PROVIDED INFORMATION:
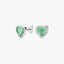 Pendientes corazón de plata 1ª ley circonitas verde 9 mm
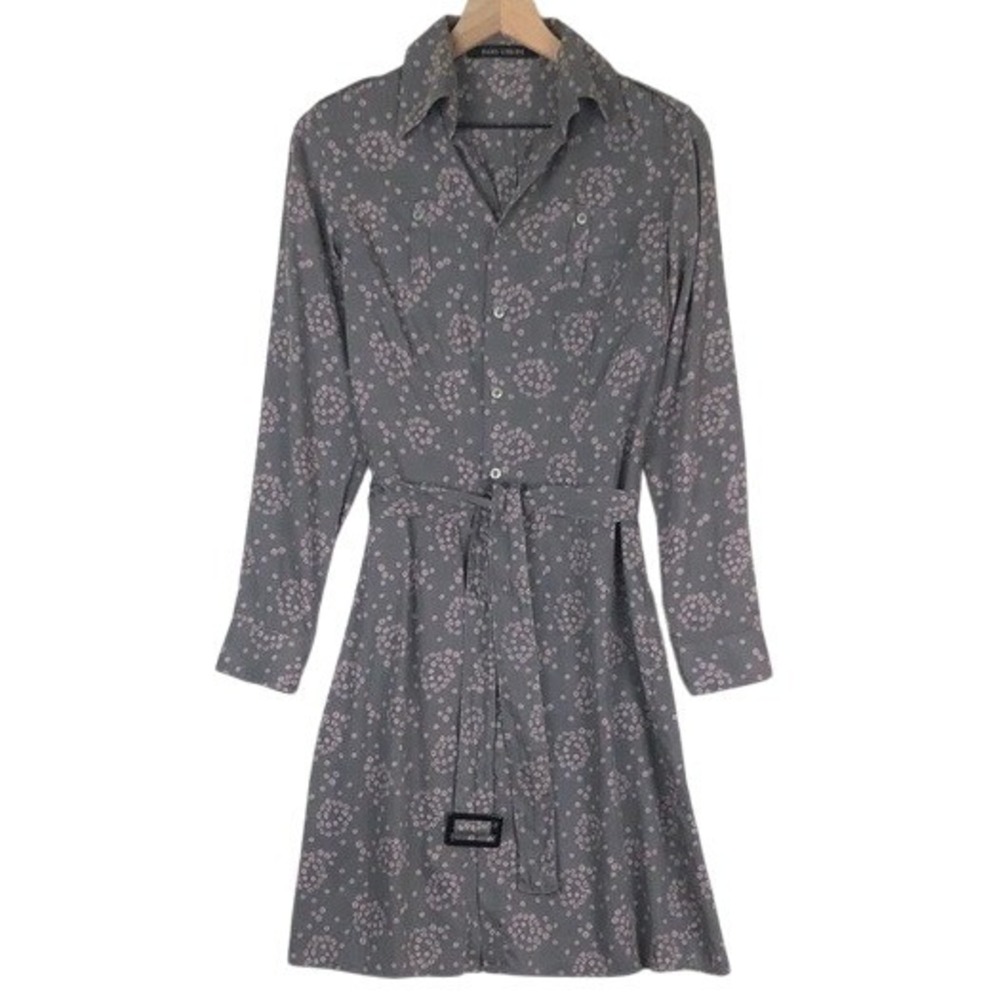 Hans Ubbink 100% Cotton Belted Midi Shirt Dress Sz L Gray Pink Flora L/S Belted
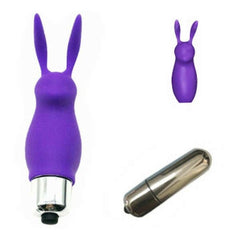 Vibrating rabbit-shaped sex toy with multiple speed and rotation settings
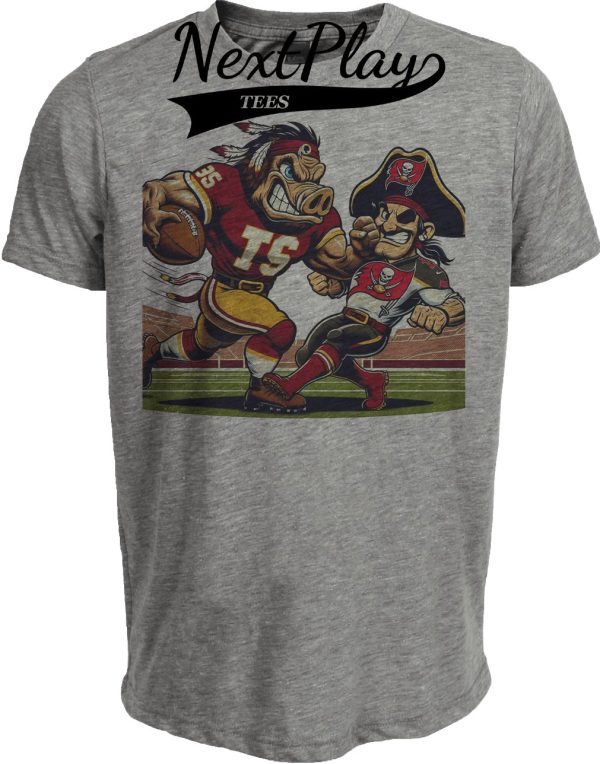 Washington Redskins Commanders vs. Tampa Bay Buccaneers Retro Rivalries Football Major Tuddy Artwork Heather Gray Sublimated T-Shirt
==
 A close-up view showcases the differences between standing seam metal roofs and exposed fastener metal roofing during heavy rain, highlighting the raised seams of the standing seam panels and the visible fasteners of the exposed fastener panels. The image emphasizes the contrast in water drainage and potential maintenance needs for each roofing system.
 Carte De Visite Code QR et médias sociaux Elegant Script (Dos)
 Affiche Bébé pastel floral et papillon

REQUIREMENT: Reproduce exactly the lines above starting at the line containing "Vibrating rabbit-shaped sex" and ending at the line containing "Washington Redskins Commanders", including both, but not the pictures.

TASK RESULT:
 Vibrating rabbit-shaped sex toy with multiple speed and rotation settings
 Washington Redskins Commanders vs. Tampa Bay Buccaneers Retro Rivalries Football Major Tuddy Artwork Heather Gray Sublimated T-Shirt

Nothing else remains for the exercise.